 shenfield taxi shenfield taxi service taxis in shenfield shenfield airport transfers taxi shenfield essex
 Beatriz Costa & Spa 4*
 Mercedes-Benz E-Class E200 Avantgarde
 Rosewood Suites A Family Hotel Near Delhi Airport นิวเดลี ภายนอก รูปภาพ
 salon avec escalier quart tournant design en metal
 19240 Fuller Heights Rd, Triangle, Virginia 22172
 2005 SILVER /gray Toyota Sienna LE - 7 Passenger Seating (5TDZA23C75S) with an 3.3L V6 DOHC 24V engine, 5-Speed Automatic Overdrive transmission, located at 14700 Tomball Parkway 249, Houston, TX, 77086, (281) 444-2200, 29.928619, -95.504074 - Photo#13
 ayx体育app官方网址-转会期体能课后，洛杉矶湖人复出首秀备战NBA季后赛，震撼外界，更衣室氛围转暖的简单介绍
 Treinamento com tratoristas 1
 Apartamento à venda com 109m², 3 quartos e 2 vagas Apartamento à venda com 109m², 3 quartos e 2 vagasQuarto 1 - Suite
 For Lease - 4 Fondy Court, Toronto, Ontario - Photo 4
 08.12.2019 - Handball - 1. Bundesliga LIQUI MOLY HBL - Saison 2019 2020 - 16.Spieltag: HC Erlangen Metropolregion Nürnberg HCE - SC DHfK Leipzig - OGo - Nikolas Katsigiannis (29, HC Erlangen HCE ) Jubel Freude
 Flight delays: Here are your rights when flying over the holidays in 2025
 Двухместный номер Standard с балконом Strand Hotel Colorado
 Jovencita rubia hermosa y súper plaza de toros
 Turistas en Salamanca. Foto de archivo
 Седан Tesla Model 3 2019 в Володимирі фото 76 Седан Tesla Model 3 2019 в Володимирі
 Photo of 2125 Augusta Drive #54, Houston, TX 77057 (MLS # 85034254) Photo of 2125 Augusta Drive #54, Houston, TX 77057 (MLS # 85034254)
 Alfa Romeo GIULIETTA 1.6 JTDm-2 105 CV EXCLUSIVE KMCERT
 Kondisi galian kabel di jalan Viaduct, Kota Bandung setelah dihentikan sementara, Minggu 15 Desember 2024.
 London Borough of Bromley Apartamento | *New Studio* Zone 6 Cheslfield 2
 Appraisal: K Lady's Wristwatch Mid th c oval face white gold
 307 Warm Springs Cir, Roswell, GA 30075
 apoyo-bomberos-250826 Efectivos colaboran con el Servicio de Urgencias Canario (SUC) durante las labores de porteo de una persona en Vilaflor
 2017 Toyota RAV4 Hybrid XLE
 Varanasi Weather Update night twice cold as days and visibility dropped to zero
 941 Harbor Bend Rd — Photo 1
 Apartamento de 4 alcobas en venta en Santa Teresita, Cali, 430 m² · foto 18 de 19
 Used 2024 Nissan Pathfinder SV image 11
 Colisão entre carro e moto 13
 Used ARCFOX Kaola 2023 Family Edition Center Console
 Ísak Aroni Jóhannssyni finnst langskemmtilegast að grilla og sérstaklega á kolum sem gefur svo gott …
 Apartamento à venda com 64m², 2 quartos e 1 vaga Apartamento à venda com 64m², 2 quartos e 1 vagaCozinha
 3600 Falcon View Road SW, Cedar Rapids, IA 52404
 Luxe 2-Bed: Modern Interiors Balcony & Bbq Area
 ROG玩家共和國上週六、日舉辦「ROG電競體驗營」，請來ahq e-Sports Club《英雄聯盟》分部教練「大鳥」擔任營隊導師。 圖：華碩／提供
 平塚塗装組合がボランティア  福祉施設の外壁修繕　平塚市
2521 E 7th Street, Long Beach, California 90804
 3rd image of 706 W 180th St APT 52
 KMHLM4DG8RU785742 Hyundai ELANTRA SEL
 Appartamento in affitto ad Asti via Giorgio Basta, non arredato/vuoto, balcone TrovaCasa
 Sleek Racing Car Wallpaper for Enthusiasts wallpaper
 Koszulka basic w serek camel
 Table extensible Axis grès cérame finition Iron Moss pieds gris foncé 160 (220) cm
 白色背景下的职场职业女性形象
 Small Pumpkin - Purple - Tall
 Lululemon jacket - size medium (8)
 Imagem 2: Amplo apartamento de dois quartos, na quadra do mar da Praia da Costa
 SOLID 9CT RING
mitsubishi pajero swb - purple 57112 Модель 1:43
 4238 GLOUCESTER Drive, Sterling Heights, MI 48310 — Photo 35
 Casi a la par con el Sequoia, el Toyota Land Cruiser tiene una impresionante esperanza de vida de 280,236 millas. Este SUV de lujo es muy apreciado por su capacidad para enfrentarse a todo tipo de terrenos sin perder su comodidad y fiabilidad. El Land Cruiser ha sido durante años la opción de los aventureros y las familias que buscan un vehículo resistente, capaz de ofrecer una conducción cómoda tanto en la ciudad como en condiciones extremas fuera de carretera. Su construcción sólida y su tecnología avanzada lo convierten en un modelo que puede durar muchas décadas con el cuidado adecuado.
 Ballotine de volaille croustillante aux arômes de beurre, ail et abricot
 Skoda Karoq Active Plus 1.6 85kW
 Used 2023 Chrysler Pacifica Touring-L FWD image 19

# # #

### Your goal
In the listing above, find the line containing "Flight delays: Here" and the line containing "Седан Tesla Model 3 2019 в Володимирі фото". Output them and every line between, exactly, and nothing else.

### Problem solution
 Flight delays: Here are your rights when flying over the holidays in 2025
 Двухместный номер Standard с балконом Strand Hotel Colorado
 Jovencita rubia hermosa y súper plaza de toros
 Turistas en Salamanca. Foto de archivo
 Седан Tesla Model 3 2019 в Володимирі фото 76 Седан Tesla Model 3 2019 в Володимирі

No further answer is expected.